Украина демонстрирует ещё более динамичный и нестабильный характер реформ. Страна неоднократно меняла избирательную систему — от мажоритарной к смешанной и обратно — при каждой волне политического кризиса. Эти изменения практически всегда определялись интересами политических элит, а не долгосрочной институциональной логикой. В условиях постоянной смены власти устойчивые механизмы общественного обсуждения и экспертного согласования часто отсутствовали, что делало реформы инструментом политической борьбы, а не стратегического развития[12].

В Кыргызстане парламентские и конституционные реформы также проводились преимущественно после очередной волны политической турбулентности. Референдумы стали привычным инструментом изменения политической системы, однако их использование нередко происходило в ускоренном порядке, без полноценного обсуждения или экспертной оценки. Это придало реформам импульсивный характер, при котором институциональная стабильность уступала место политической мобилизации[13].

В целом постсоветский опыт показывает, что реформирование парламентских систем в регионе редко строится на концепции институционального развития. Напротив, оно определяется текущими политическими обстоятельствами, конкуренцией элит и потребностью в разрешении кризисов. Это делает такие реформы менее предсказуемыми и менее устойчивыми по сравнению с европейской практикой.

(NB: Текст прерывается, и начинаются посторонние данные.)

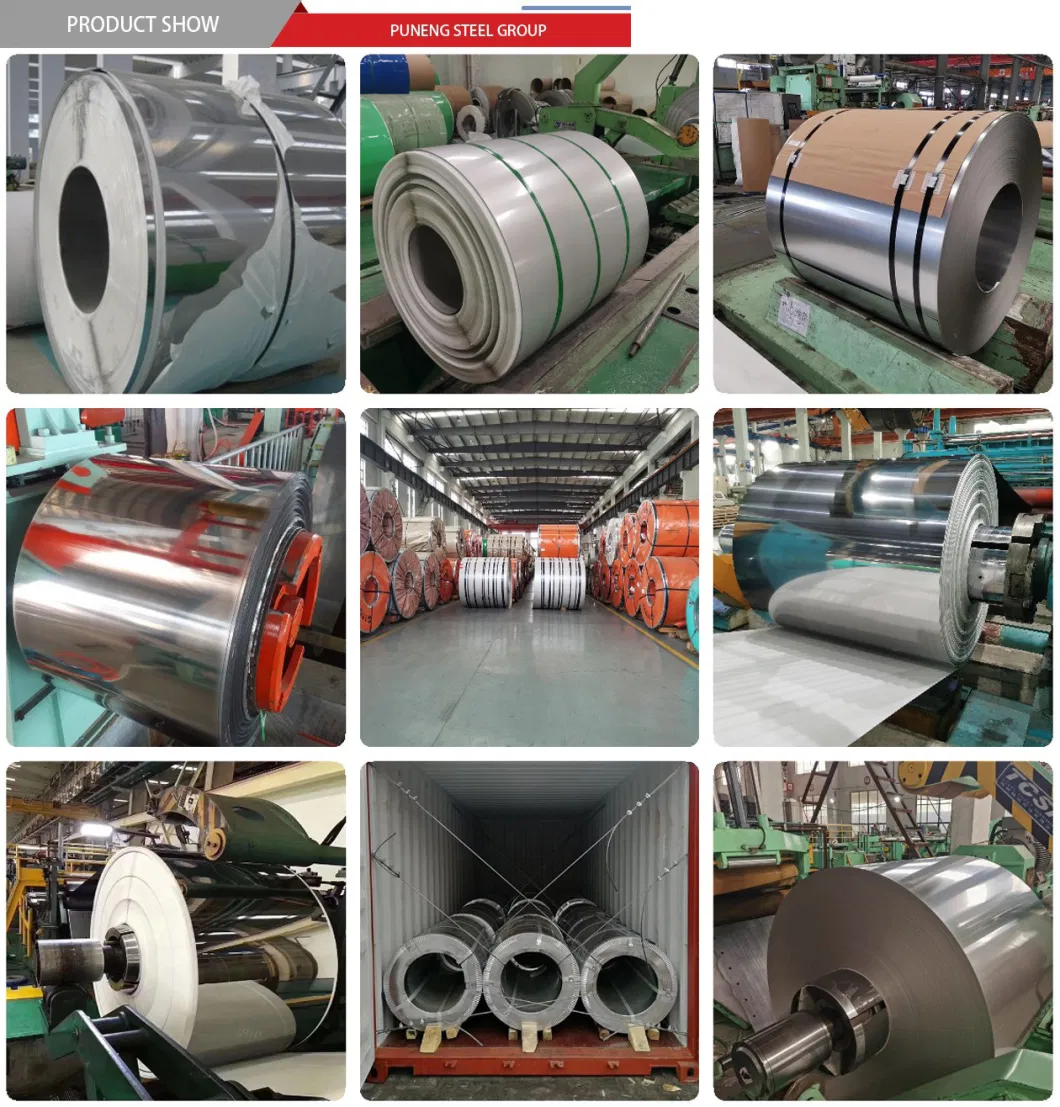 Ss SUS 201 202 304 316 Carbon Stainless Steel Coil Steel Strip Coil Cr Hr 410 Inox 430 Tisco 1.4021 Building Material Steel Sheet Coil Price for Petrochemical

Казахстанский опыт парламентских реформ заметно выделяется в сравнении с зарубежными практиками своей комплексностью, многоуровневостью и акцентом на общественную легитимацию. В отличие от многих стран, где реформирование политической системы происходит в рамках узкого диалога политических элит или под влиянием текущих политических обстоятельств, Казахстан выстроил модель, основанную на широком публичном обсуждении и предварительном консенсусе с обществом.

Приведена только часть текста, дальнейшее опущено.